------ INPUT MATERIAL ------

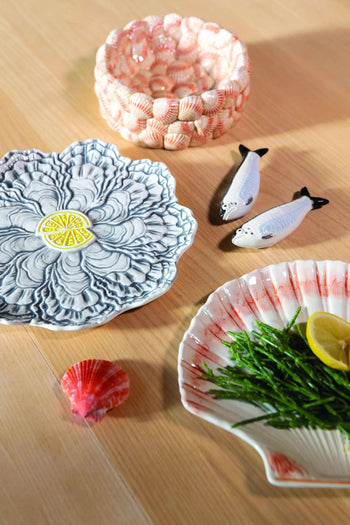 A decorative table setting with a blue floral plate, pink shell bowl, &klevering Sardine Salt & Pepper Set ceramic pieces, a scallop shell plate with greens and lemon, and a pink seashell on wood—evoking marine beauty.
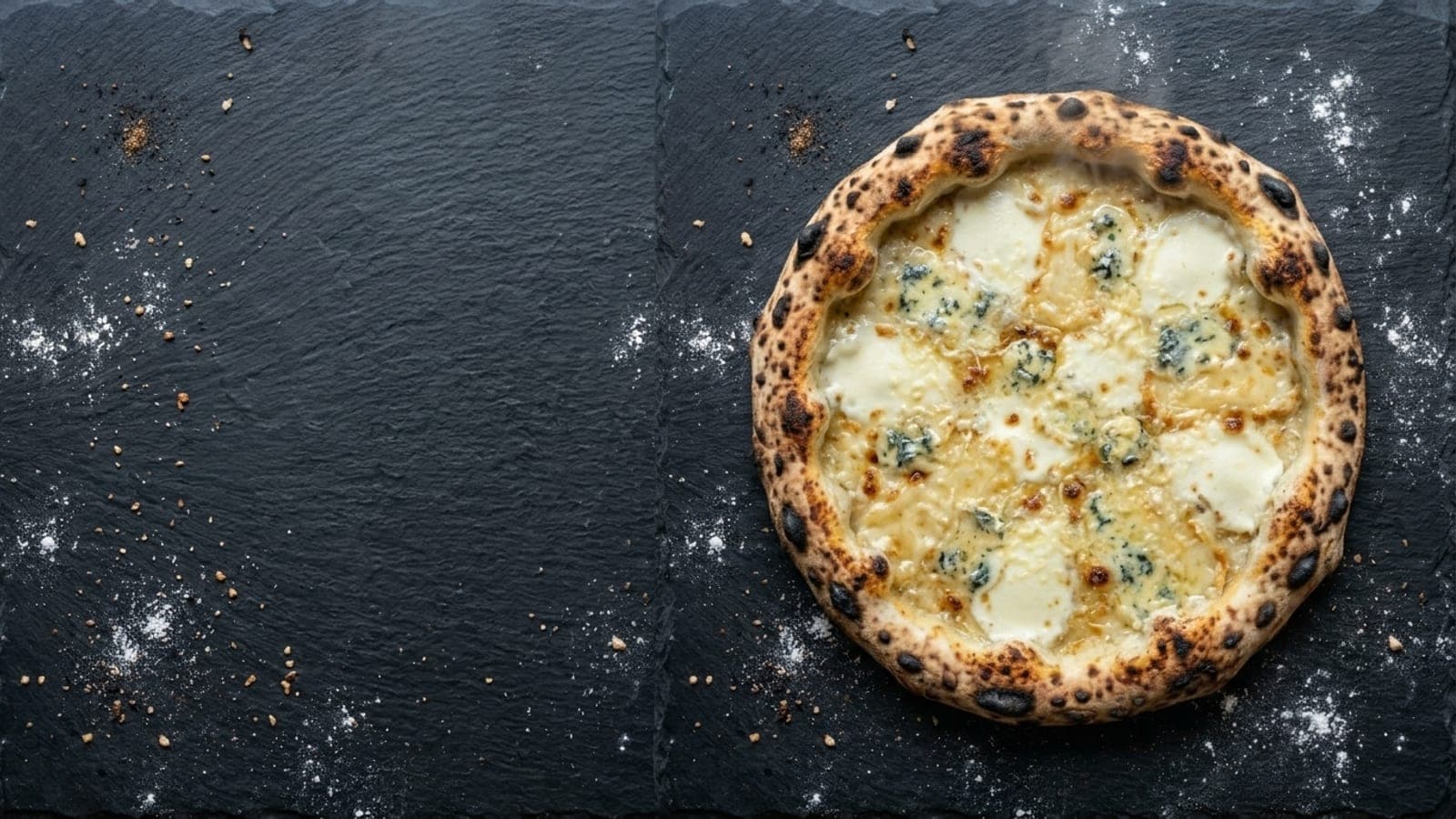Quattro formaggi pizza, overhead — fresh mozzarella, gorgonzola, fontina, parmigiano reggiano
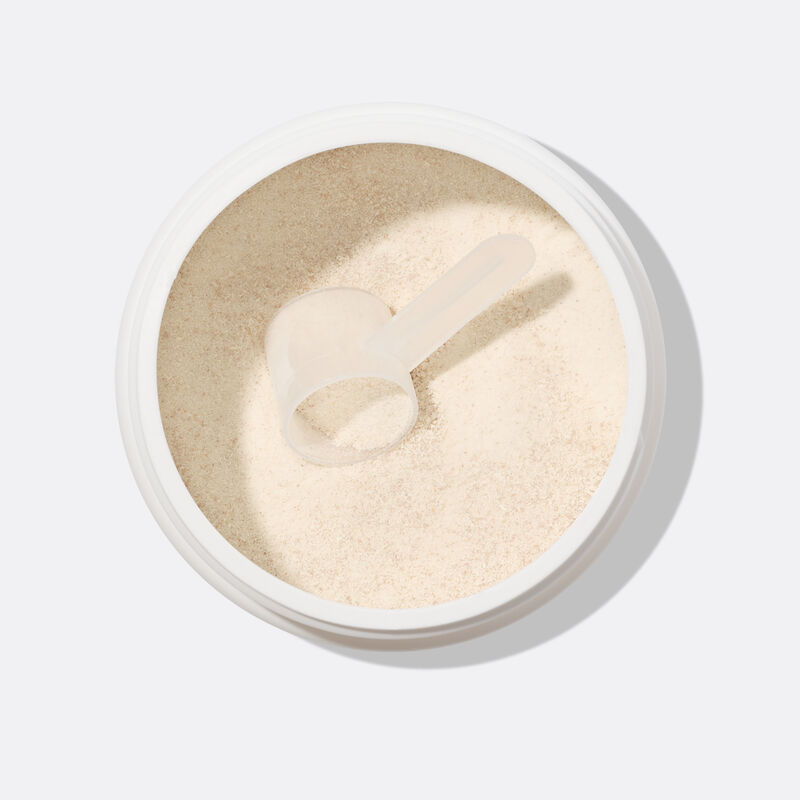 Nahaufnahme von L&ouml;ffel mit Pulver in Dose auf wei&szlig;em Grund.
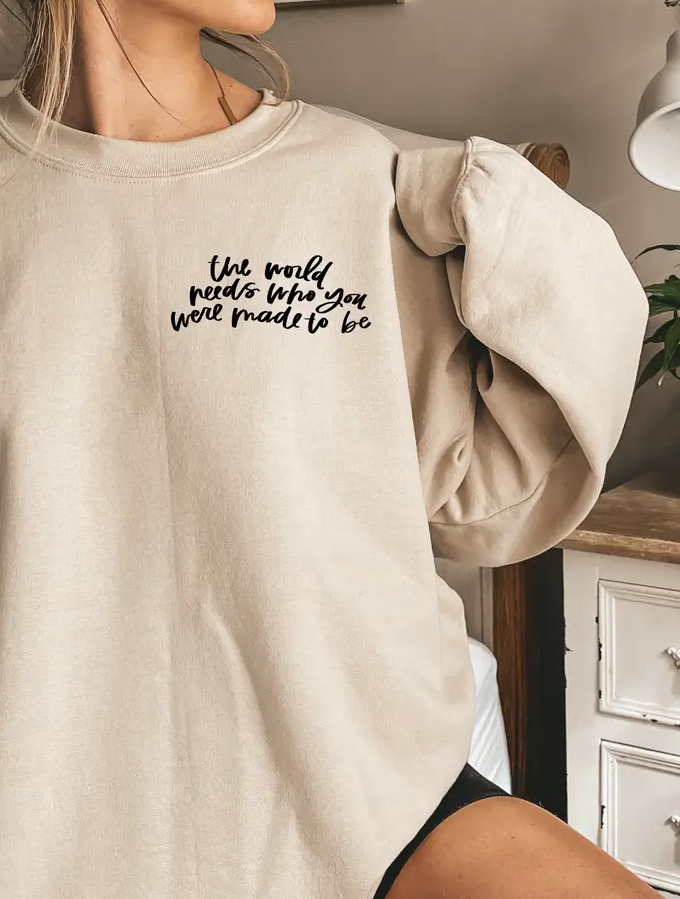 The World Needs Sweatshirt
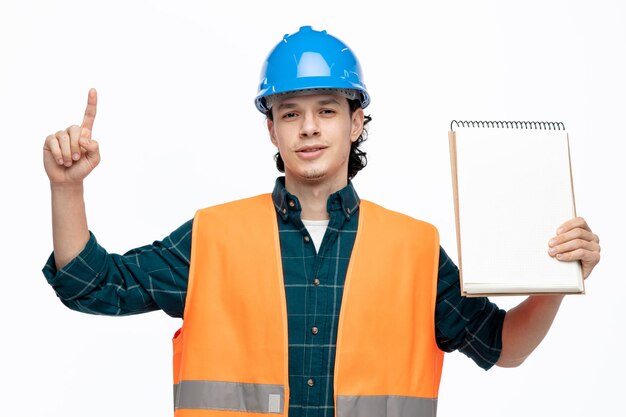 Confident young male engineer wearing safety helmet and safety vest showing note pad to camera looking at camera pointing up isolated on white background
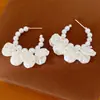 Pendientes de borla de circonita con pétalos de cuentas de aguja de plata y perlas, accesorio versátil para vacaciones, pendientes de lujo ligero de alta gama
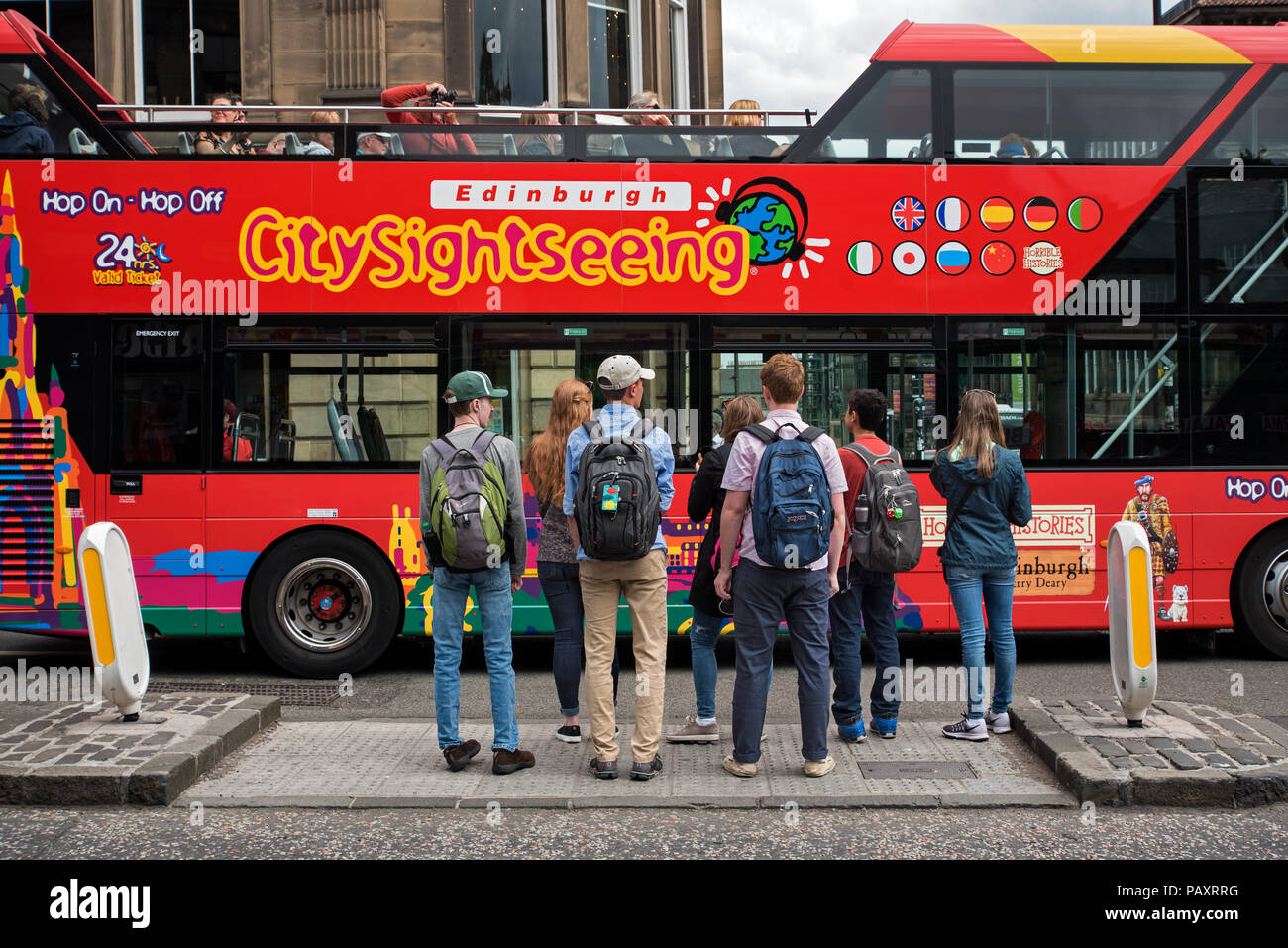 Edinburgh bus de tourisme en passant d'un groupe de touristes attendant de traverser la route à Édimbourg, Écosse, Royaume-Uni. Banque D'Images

------

*WORK ITEM:*
When you reach the line that contains "The World Needs Sweatshirt", start copying the listing word for word and stop only after its last line, without any pictures.

*TASK RESULT:*
 The World Needs Sweatshirt
 Confident young male engineer wearing safety helmet and safety vest showing note pad to camera looking at camera pointing up isolated on white background
 Pendientes de borla de circonita con pétalos de cuentas de aguja de plata y perlas, accesorio versátil para vacaciones, pendientes de lujo ligero de alta gama
 Edinburgh bus de tourisme en passant d'un groupe de touristes attendant de traverser la route à Édimbourg, Écosse, Royaume-Uni. Banque D'Images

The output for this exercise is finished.